Write the records below out in full, character for character, with no pictures.

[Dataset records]

§ §

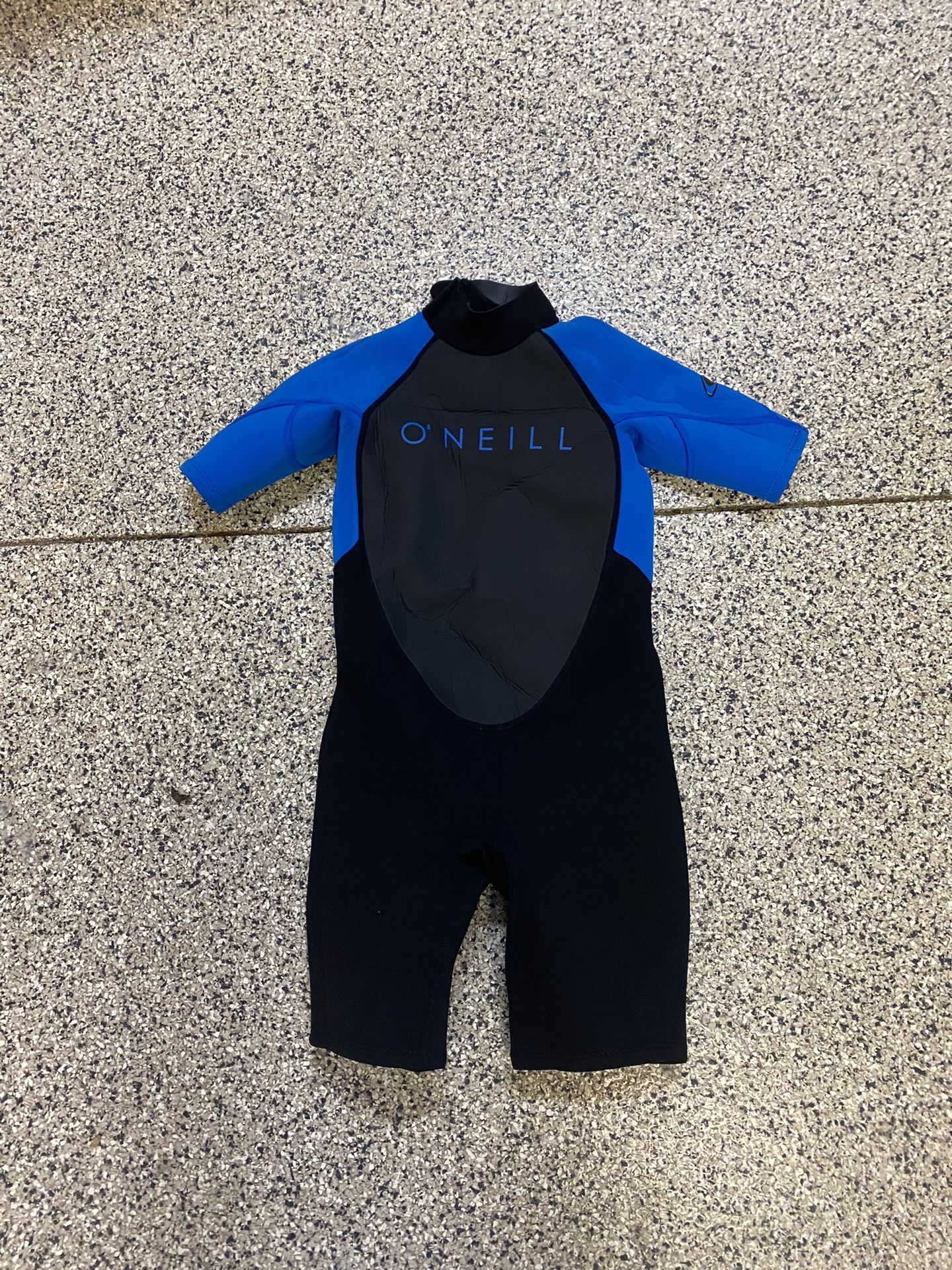 Used Twice - Brand New Kids Wet Suit Size 8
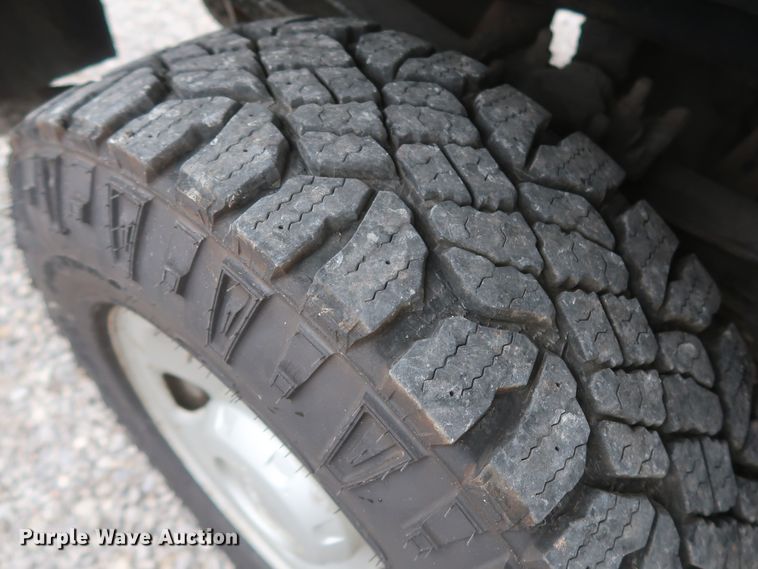 image for item HA9159 2008 Ford F350 Super Duty XL  utility bed pickup truck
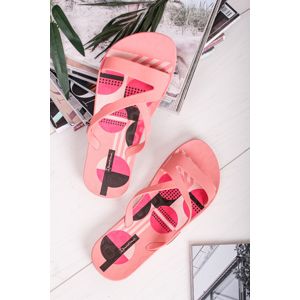 Růžové gumové pantofle Art Print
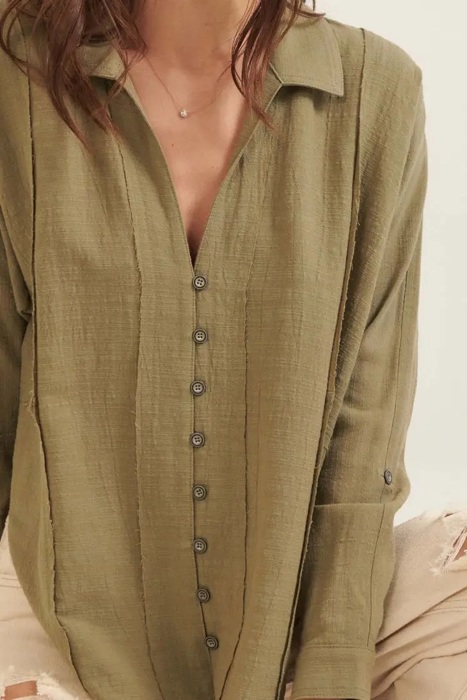 Gretchen Exposed Hem Button Down Top | Woven Green | Textured Button-Front with Exposed Hem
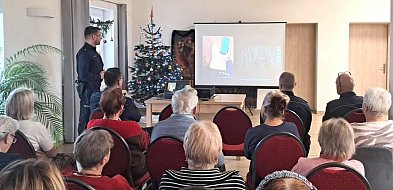 Policja ostrzega i uczy seniorów-29250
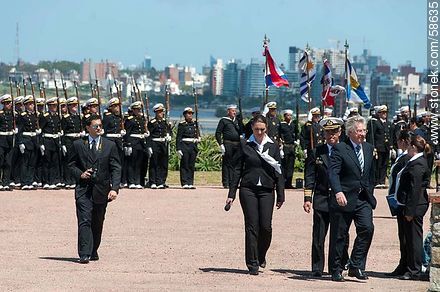 Día de la Armada en  su plaza de Punta Gorda. Vicepresidente Danilo Astori - Departamento de Montevideo - URUGUAY. Foto No. 58635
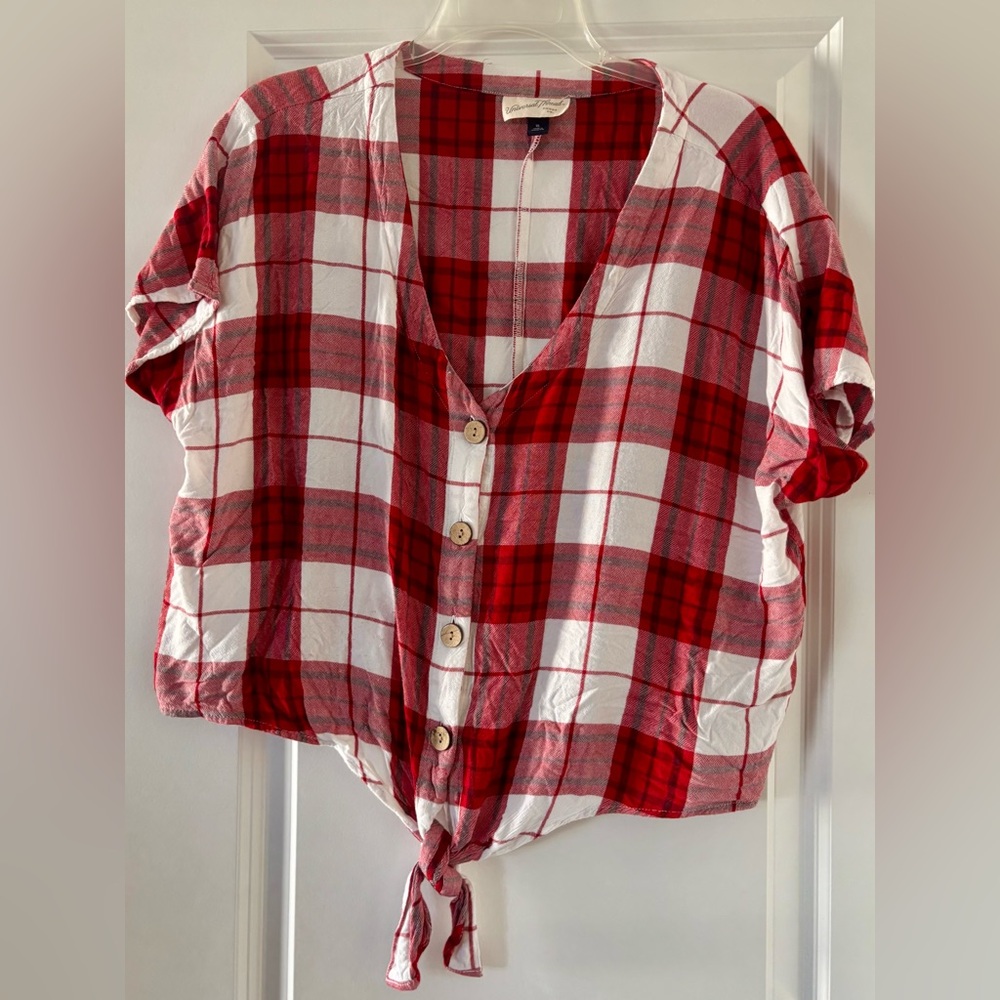 Universal Threads Red Plaid Button-Down Tie-Front Shirt – Women’s XL EUC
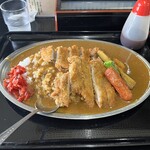お食事処 こがね - 料理写真:ミックスカツカレー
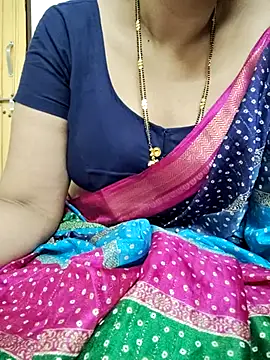 Snapshot of sunitha-3 chatting on March 18, 5:20 am sunitha-3 online show from March 18, 5:20 am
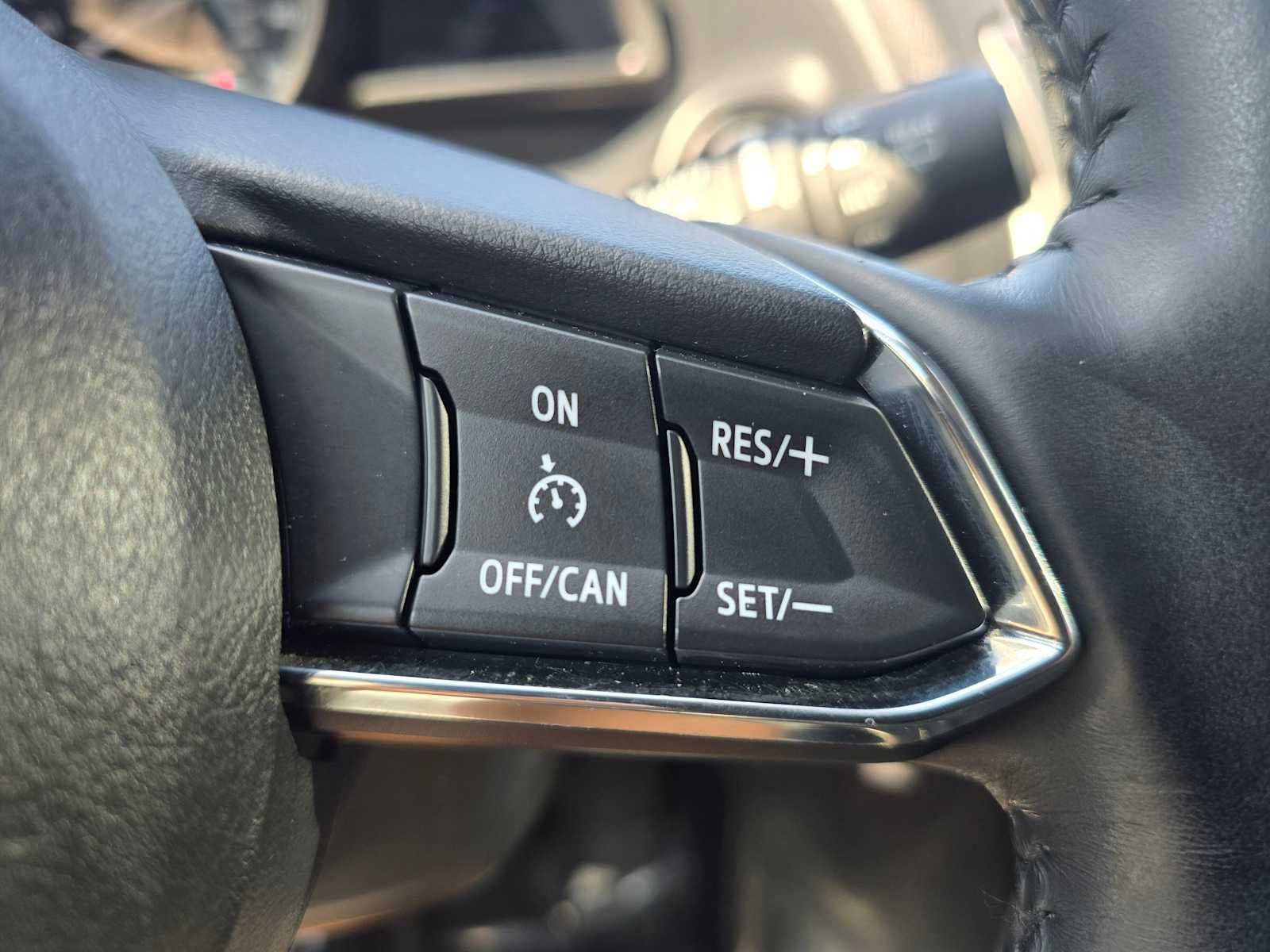 2017 Mazda Mazda3 5-Door Touring 2.5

§ §

Task result —
 Used Twice - Brand New Kids Wet Suit Size 8
 image for item HA9159 2008 Ford F350 Super Duty XL  utility bed pickup truck
 Růžové gumové pantofle Art Print
 Gretchen Exposed Hem Button Down Top | Woven Green | Textured Button-Front with Exposed Hem
 Policja ostrzega i uczy seniorów-29250
 Día de la Armada en  su plaza de Punta Gorda. Vicepresidente Danilo Astori - Departamento de Montevideo - URUGUAY. Foto No. 58635
 Universal Threads Red Plaid Button-Down Tie-Front Shirt – Women’s XL EUC
お食事処 こがね - 料理写真:ミックスカツカレー
 Snapshot of sunitha-3 chatting on March 18, 5:20 am sunitha-3 online show from March 18, 5:20 am
 2017 Mazda Mazda3 5-Door Touring 2.5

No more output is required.